Конечно, во мне говорило неведение, а также гигантский пиетет перед мастерами Художественного театра. Но и теперь, по зрелом размышлении, я по-прежнему продолжаю считать, что "система" не могла и не должна была образовать на том ее этапе существенного рубежа в исполнительском стиле самого театра. Не я один не замечал разницы между тем, как там играли до введения "системы" и как стали играть с ее помощью. Дело в том, что большие актеры Художественного театра и были в первую очередь творцами "системы", они ее создавали по своему "образу и подобию", ее формировали своей вдохновенной игрой. Их творческий опыт, гениально фиксированный Станиславским, им извлеченный из практики лучшего театра страны, и лег в основу новой методики, предназначенной для того, чтобы поколения грядущих актеров не блуждали ощупью в потемках, но прямо шли к тем большим результатам, которых добились Станиславский с товарищами за долгие годы совместной работы в театре.
Мне кажется, что здесь сошлись два параллельных художественных явления -- творческая зрелость актеров МХТ и рождение "системы" К. С. Станиславского. Сошлись закономерно, ибо одно без другого немыслимо, в итоге сложного, полного исканий пути, на протяжении которого актеры театра, по словам Вл.
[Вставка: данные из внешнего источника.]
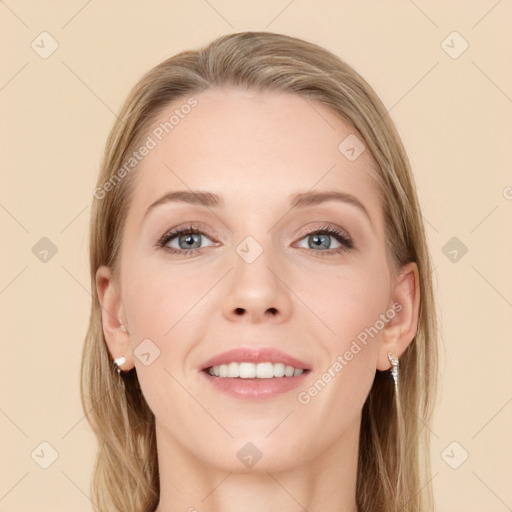 Joyful white young-adult female with long  brown hair and grey eyes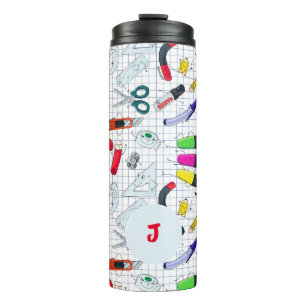 Termo Diseño divertido con material escolar. Inicial per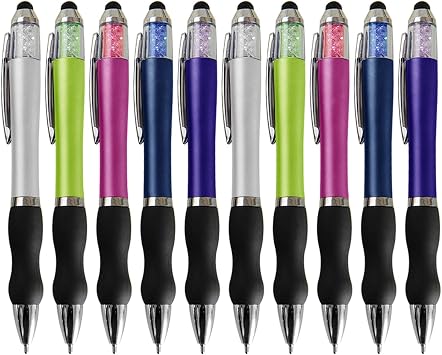 MiSiBao Ballpoint Writing Pens,14 pack 10 count+4 refills with Stylus Tips 1mm Medium Point Pen Black Ink Pen Stylus Pens for iPads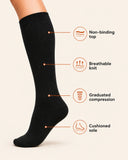 Compression sock features — graduated compression, breathable knit, cushioned sole, non-binding top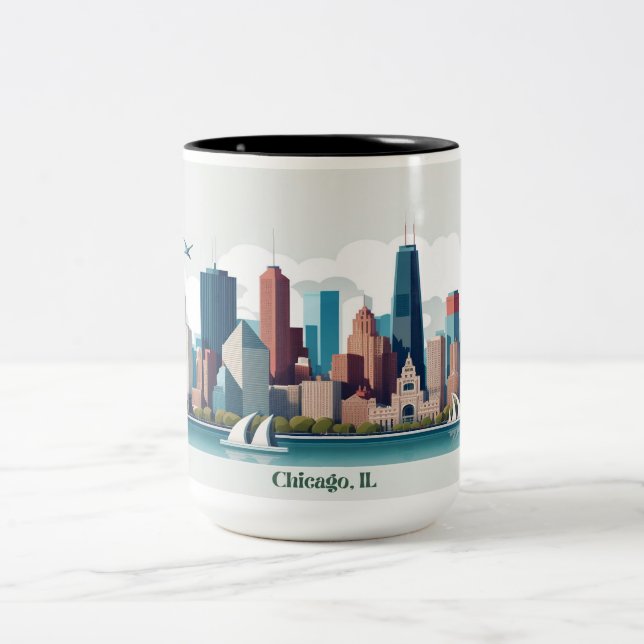 Chicago Skyline Mugg, 15oz Två-Tonad Mugg (Center)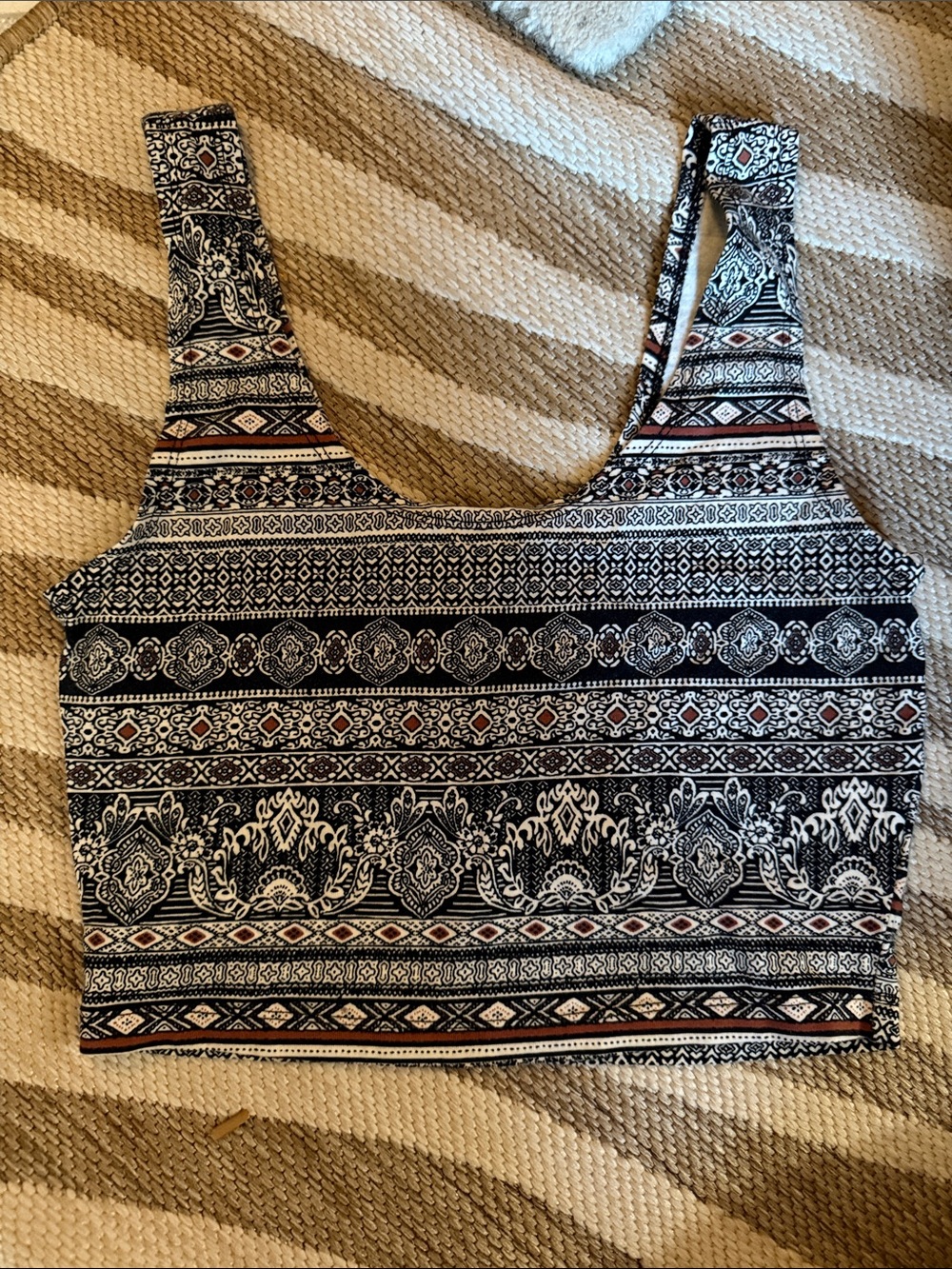 Boho Black & White Patterned Crop Tank Top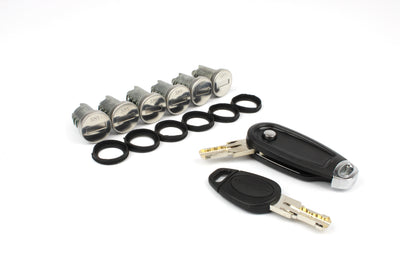 An Elddis motorhome barrel and key set with six barrels and two keys.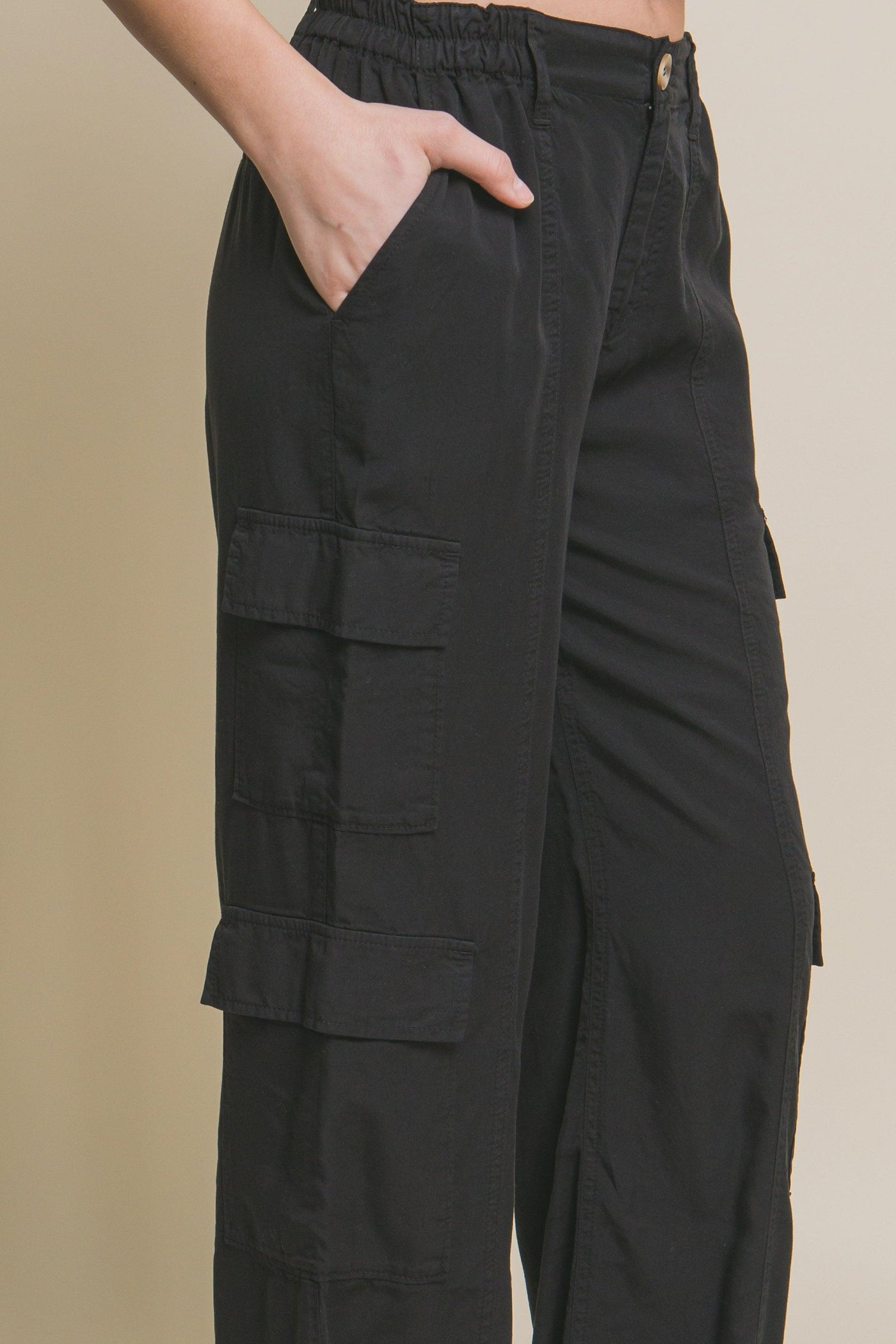 Full-length Tencel Pants With Cargo Pockets - AMIClubwear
И. Немировича-Данченко, "постепенно выбивались из представления к творчеству", а Станиславский открывал "давно известные истины" сценического искусства, постигал тайны "органической природы" в процессе воплощения образа. Ведь это не случайно, что только после премьеры "Карамазовых" определился взгляд на Художественный театр как на театр актера по преимуществу, что только к этому времени замолкли скептики, утверждавшие, что "художественники" все еще выезжают на "обстановочке", на тончайших изгибах пресловутого "настроения", на заботливых режиссерских помочах. Путь был долгим, период "раскачки" перед прыжком затянулся, может быть, именно потому, что у основателей Художественного театра тогда не было еще в руках "системы", этого мощного ускорителя творческого процесса. Но путь был пройден как раз к тому моменту, когда Станиславский сформулировал ведущие заповеди своего учения о переживании. Сегодня я это понимаю. Тогда же мы все как бы находились внутри явления. Мы огорчались, что "система" не дает заметных результатов в Художественном театре, не понимая, что сама она является результатом творческих усилий его мастеров.